What do I have to say about how to live a good life that hasn't been shared or said a million times before?

Jonathan Fields asks this question in the introduction to his brand new book How to Live a Good Life.

I know you've asked yourself the same thing. My clients wonder - and worry - about this all the time. I know I've wasted too much delicious writing time stressing about whether the world needs my words.

Truth is, whatever it is, it's almost definitely been said before.

You probably don't need proof on this one, but here it is. I had written most of this post before I picked up Jonathan's book and saw my own concerns reflected back at me. But, he wrote on and trusted his voice. Since that's what I invite people to do every day and since I do try to take my own advice, I'm publishing this anyway.

A loving reminder for you, the writer who is afraid to dive into a big topic because the luminaries in your field have already written brilliant books on the subject:

Write It Anyway | Marisa Goudy, Writer & Storytelling CoachWRITE IT ANYWAY

The big names... they're fulfilling their mission to awaken and inspire the multitudes. The rest of us - the brilliant "not yet household names" and the beautiful "don't care to ever be household names" -  right now, our mission is to make those messages REAL for people.

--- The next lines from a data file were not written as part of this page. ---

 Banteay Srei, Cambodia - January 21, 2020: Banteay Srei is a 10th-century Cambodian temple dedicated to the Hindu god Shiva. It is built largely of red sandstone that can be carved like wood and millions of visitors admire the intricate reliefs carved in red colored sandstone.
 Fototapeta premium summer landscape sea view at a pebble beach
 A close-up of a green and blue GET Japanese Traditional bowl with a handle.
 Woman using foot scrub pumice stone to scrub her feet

A reader may be ready to change everything thanks to Love Warrior, but all Glennon can do is inspire from afar. Daring Greatly may crack a vulnerable heart wide open, but Brene isn't a clinician, she's a researcher. Jonathan charges $1000/hour for consulting, and while I believe that's a completely worthy investment for certain people, there's a lot of vital, sustainable work to do at the $100/hour level too.

You're in the transformation business, not the originality business

The desire to transform, to be happy, to lead meaningful lives? These are timeless human needs. Wise people have been trying to crack the good life code and help others do the same from the very beginning. (Honestly, listen to Rob Bell's series about the Wisdom tradition and prepare to be amazed at how ideas presented in the ancient Hebrew feel utterly contemporary.)

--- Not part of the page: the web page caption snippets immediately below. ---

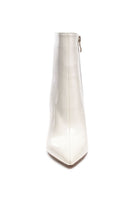 Stylish beige booties from Rag Company with a sleek design and pointed toe for a modern look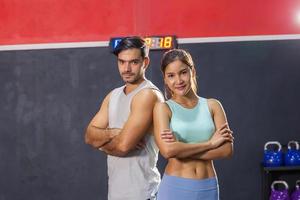 deportivo Pareja amigos en pie brazos cruzado, joven hombre y mujer relajante en Deportes trajes a el gimnasia, deporte y aptitud conceptos foto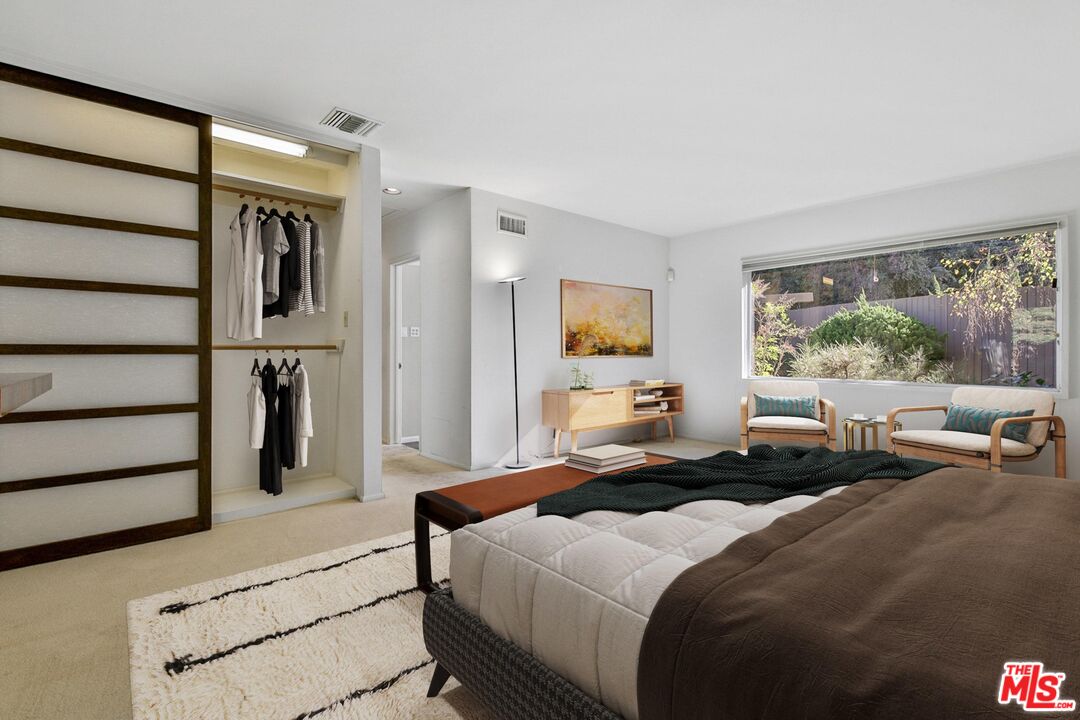 1749 Mandeville Lane Los Angeles, CA 90049 - Photo 18 of 38 a bedroom with a bed and wooden floor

Yes, all the truth tellers in the world of transformation, healing, and consciousness are essentially talking about similar things. That happens when people start discussing what's true and what's real.

As a healer, a therapist, or a coach it's part of your job to take the stuff "everybody" talks about and make theses truths your own. And, it's your job to help people own these truths.

You dive in and connect these big, ubiquitous concepts to your own stories. You bring the essence of who you are to the page. You don't speak to everyone, you speak to the ones who you wish to serve.

And then you put your work on your blog or in elsewhere in your marketing because you know people who are seeking and hurting need your perspective - and your help.

That's how you show your potential clients that you get it, that you get them. That's how you build a business and change your corner of the world.

It's not about being the first and only creature to share an idea. It's about speaking the right words in the right tone to the people who have access to you and your transformational magic.

It's about making meaning and building a connection with the people who matter.

Write it anyway. Write it now. Click the button for a printable PDF that will remind you to make it happen.

End writer's block now.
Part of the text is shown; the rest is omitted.